**Your assignment**
Only the lines below from the one containing "Handlaufhalter ohne Kabeldurchführung" through the one containing "Square Smoky Quartz" belong in the answer, set down exactly, with the pictures left out.

**Data provided**
-------------------------

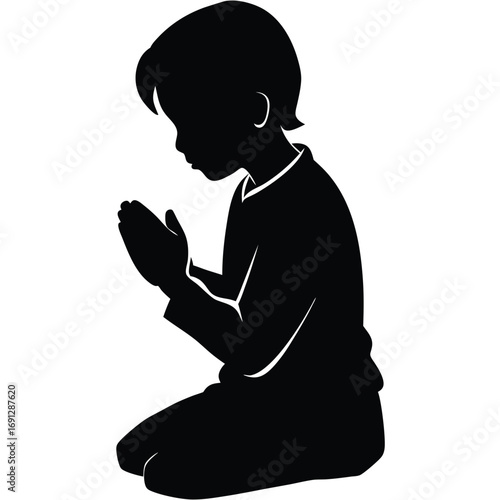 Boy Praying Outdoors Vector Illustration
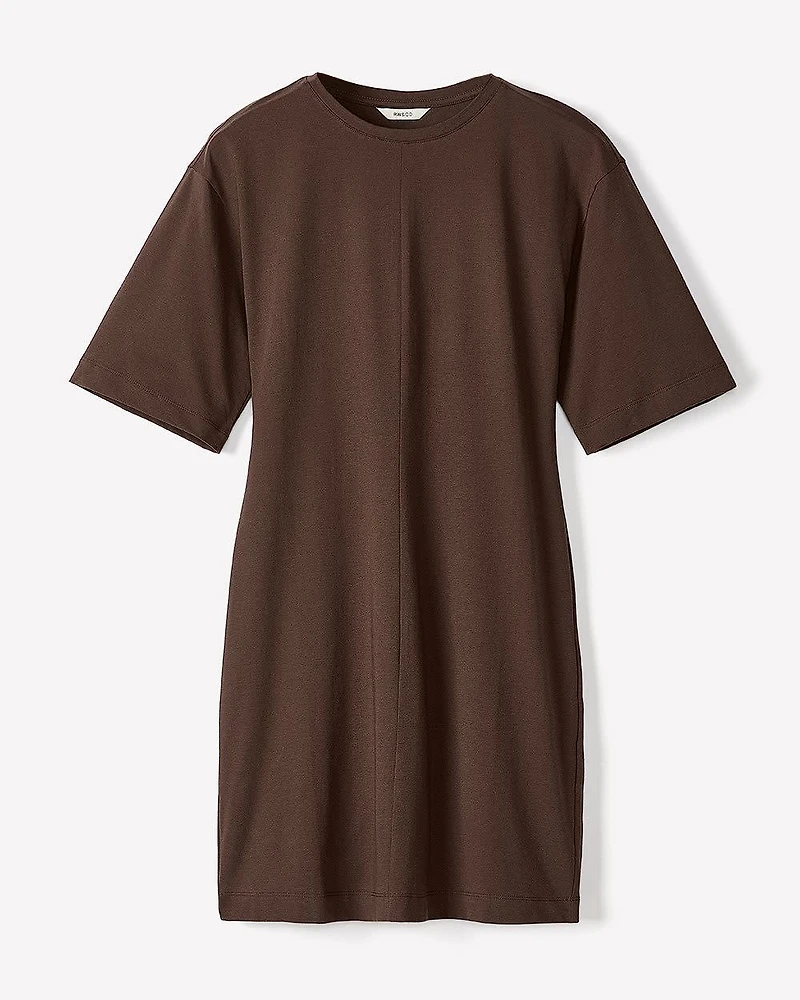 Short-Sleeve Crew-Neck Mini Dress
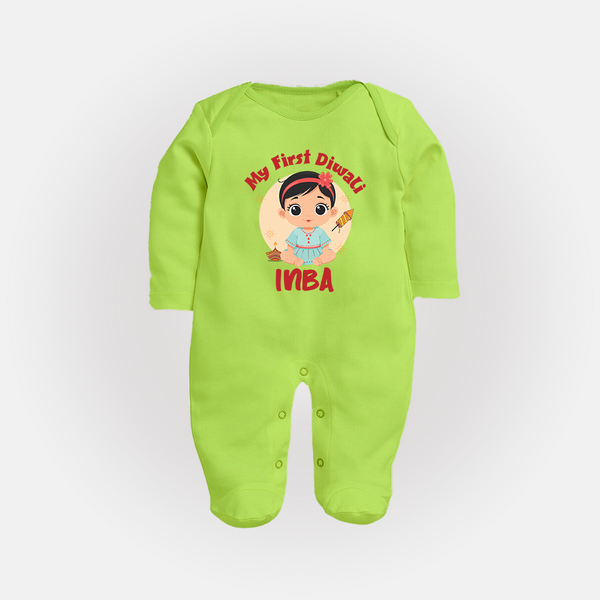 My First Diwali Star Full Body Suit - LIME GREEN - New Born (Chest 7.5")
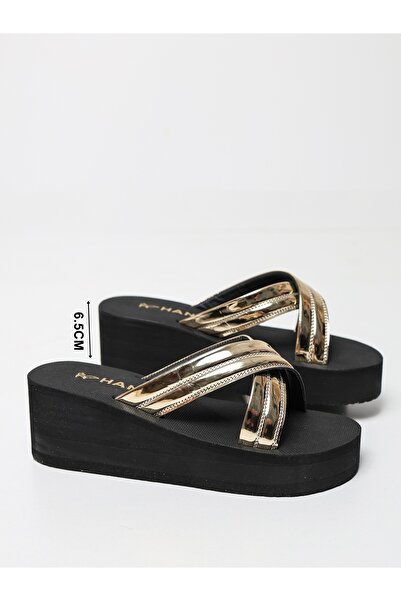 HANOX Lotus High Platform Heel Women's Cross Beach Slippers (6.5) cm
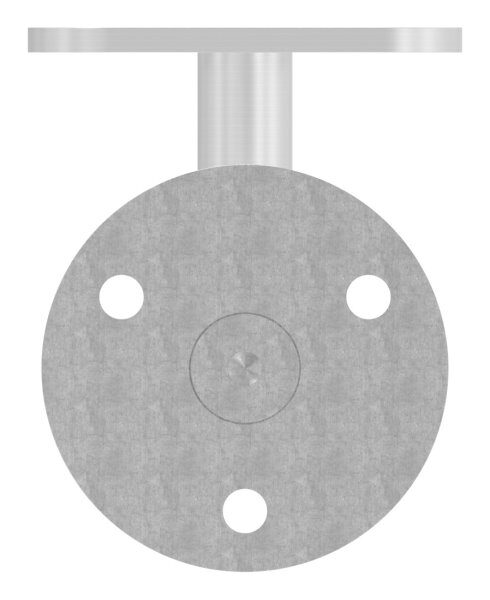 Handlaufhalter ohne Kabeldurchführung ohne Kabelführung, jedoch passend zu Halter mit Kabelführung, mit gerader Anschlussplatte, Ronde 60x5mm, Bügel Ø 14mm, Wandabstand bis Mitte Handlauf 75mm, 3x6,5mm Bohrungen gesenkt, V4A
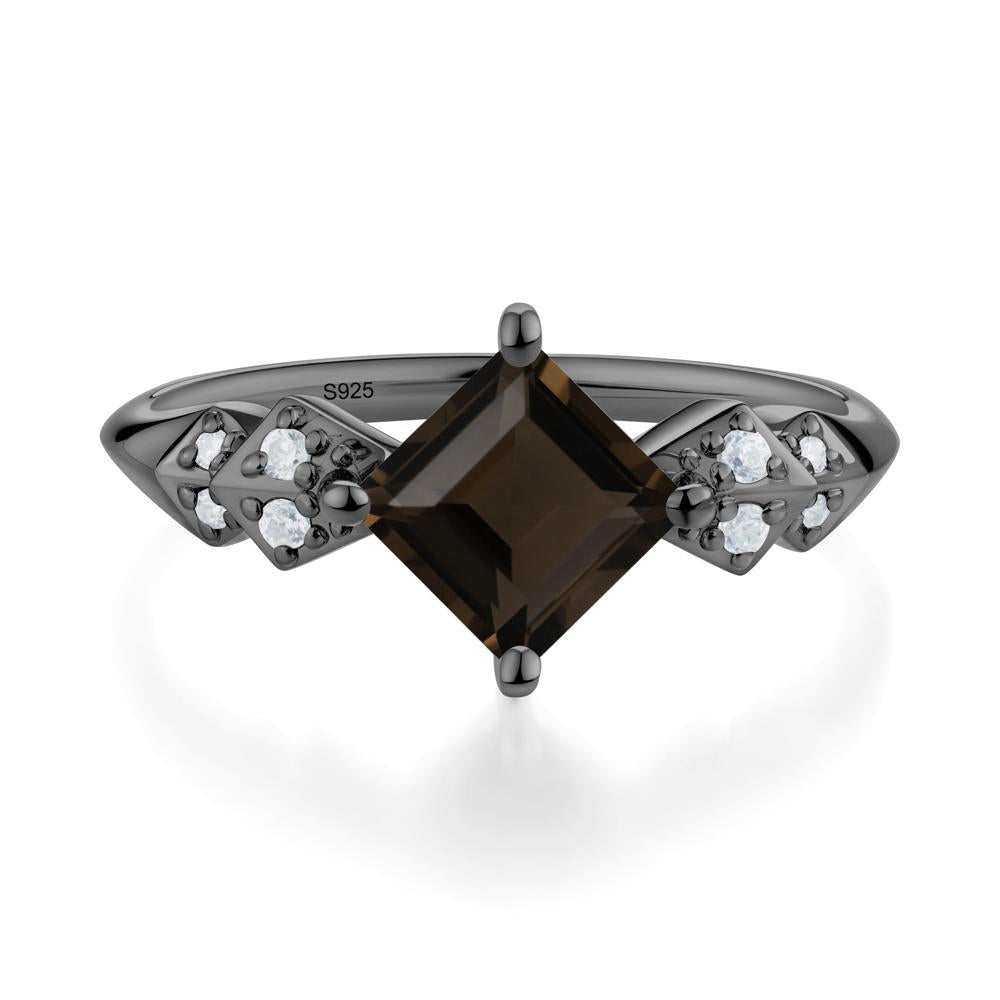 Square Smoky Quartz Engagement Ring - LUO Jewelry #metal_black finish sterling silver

-------------------------

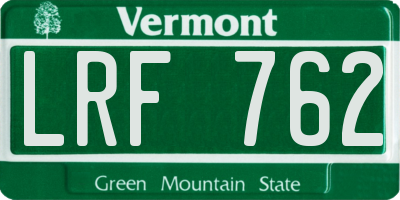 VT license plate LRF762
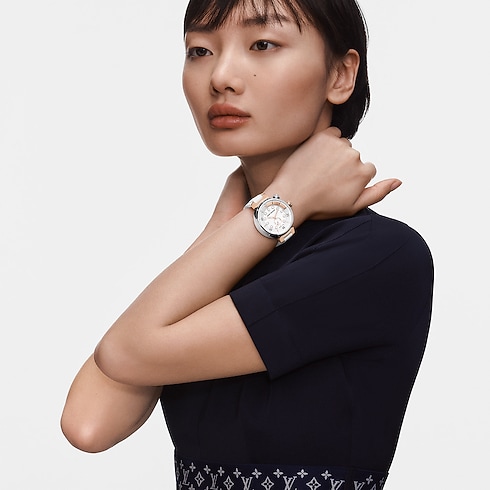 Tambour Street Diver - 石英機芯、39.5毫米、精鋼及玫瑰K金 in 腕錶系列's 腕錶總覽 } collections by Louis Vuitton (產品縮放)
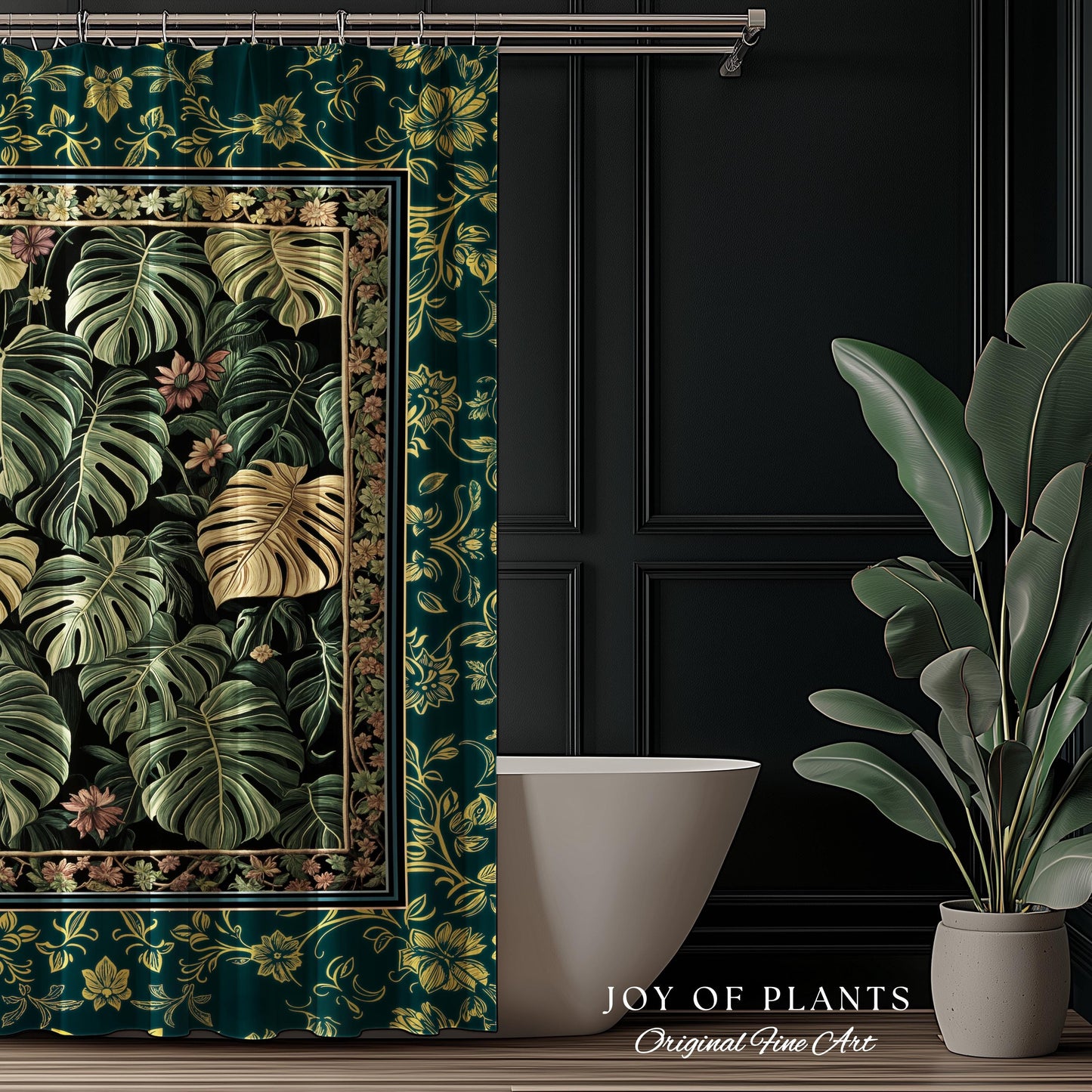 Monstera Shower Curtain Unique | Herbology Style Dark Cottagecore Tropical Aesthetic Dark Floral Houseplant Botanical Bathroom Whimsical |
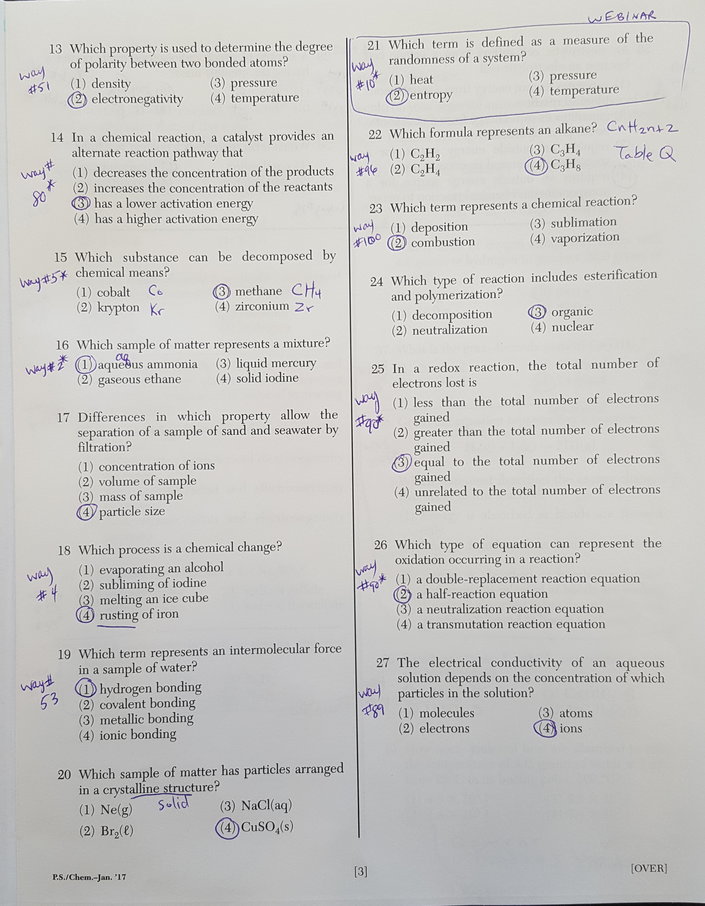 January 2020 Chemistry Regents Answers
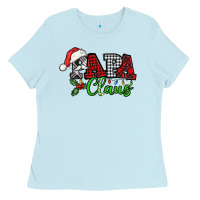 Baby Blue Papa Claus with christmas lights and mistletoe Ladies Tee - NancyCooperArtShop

-------------------------

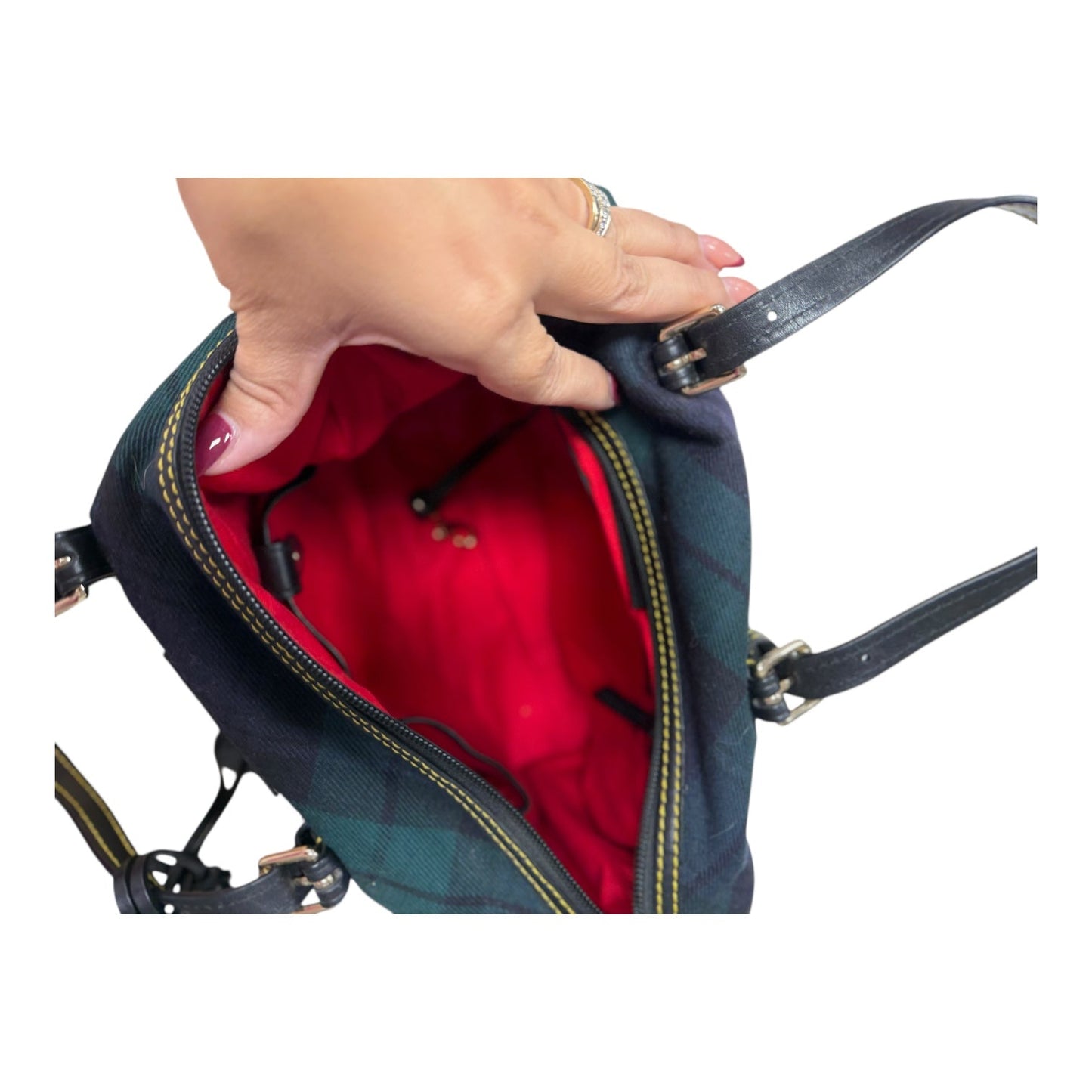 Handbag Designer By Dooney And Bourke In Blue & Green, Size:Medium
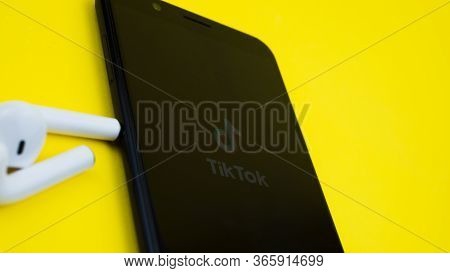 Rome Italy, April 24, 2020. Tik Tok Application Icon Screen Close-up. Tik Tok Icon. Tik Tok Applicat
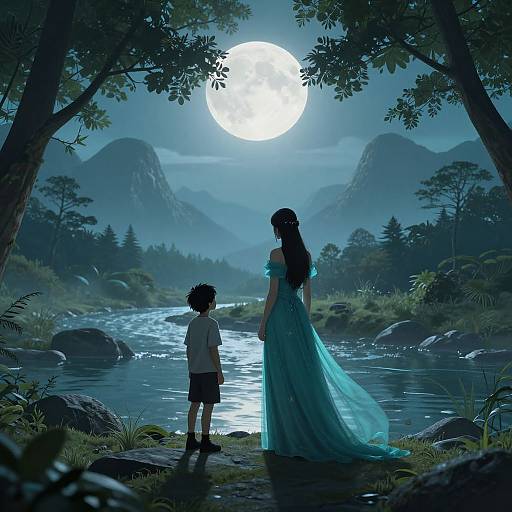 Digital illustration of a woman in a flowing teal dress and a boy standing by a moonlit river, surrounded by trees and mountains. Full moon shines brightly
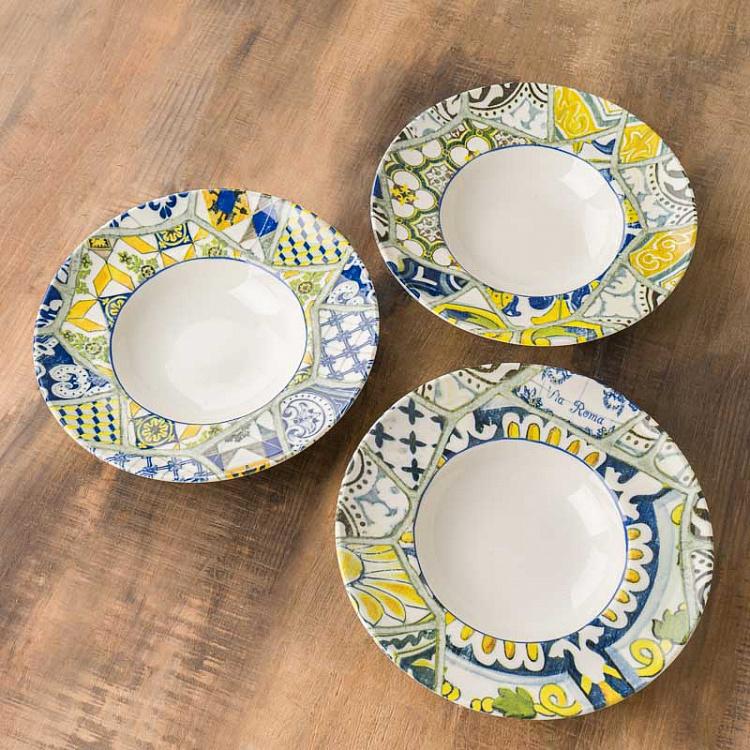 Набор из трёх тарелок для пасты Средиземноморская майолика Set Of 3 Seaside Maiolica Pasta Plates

-------------------------

**Written answer**
 Handlaufhalter ohne Kabeldurchführung ohne Kabelführung, jedoch passend zu Halter mit Kabelführung, mit gerader Anschlussplatte, Ronde 60x5mm, Bügel Ø 14mm, Wandabstand bis Mitte Handlauf 75mm, 3x6,5mm Bohrungen gesenkt, V4A
 Square Smoky Quartz Engagement Ring - LUO Jewelry #metal_black finish sterling silver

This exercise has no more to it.